Records from a dataset

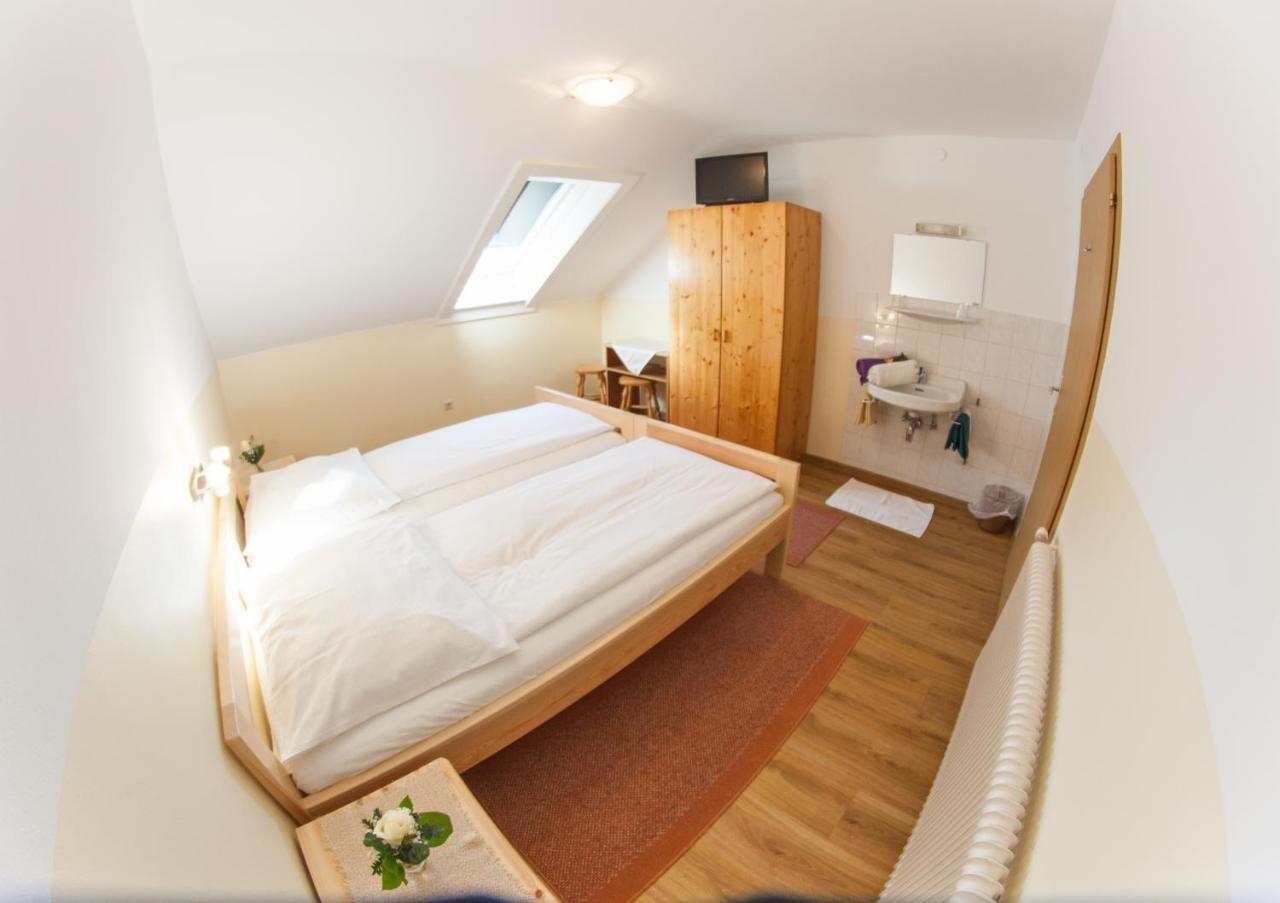 Fruehstueckspension Koelich Klagenfurt am Woerthersee Exterior foto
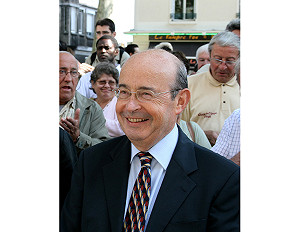 台女自爆與法國自殺前市長6年地下情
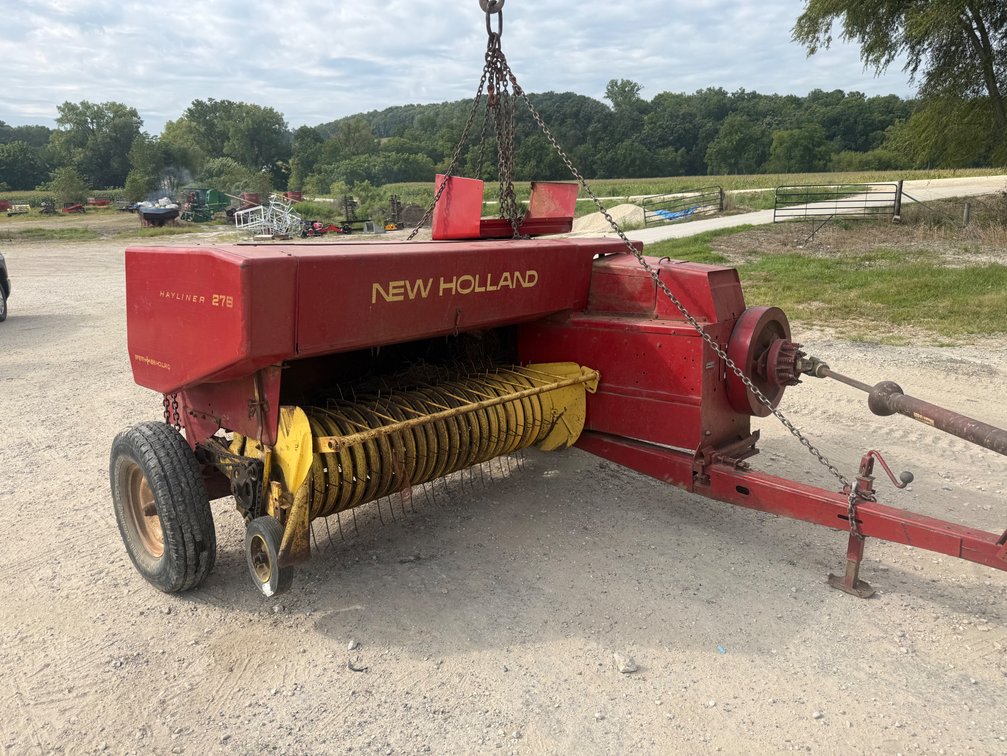 New Holland 278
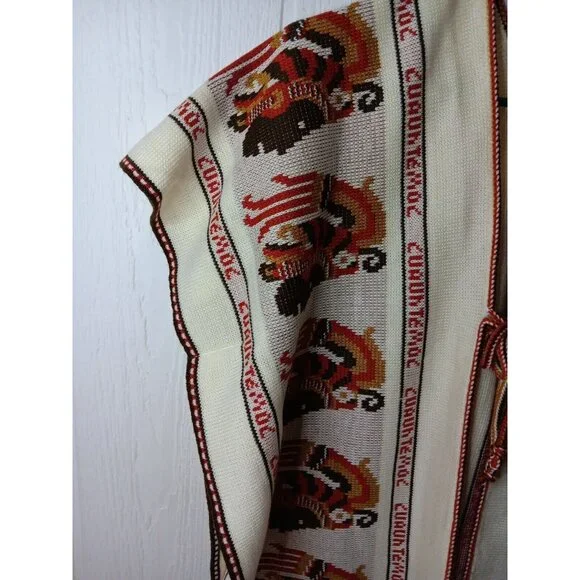 Vtg 1970s Knit Cuauhtemoc Poncho Cream One Size Tribal Boho Fringed Tie Front - Picture 2 of 7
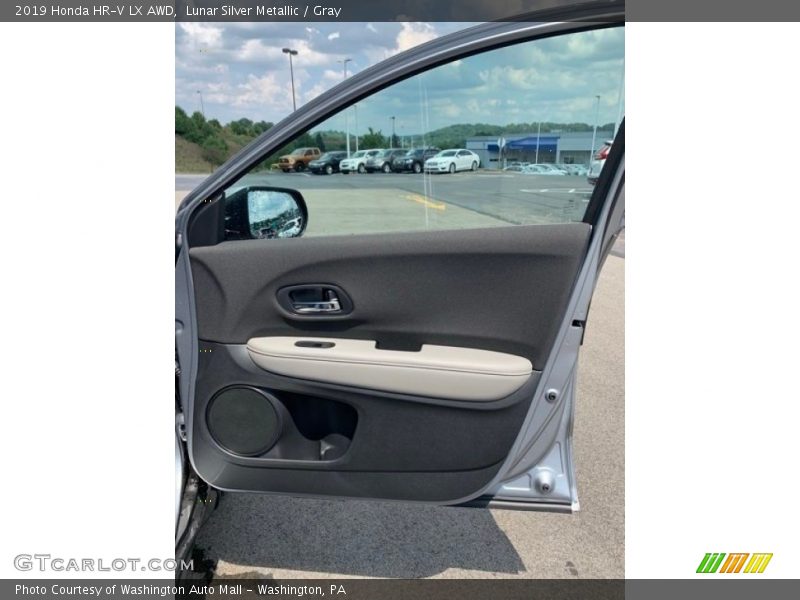 Lunar Silver Metallic / Gray 2019 Honda HR-V LX AWD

> **Your goal**: Restate word for word the lines running from the one with "台女自爆與法國自殺前市長6年地下情" to the end of the entries; pictures are to be left out.

> **Your solution**:
 台女自爆與法國自殺前市長6年地下情
 New Holland 278
 Vtg 1970s Knit Cuauhtemoc Poncho Cream One Size Tribal Boho Fringed Tie Front - Picture 2 of 7
 Lunar Silver Metallic / Gray 2019 Honda HR-V LX AWD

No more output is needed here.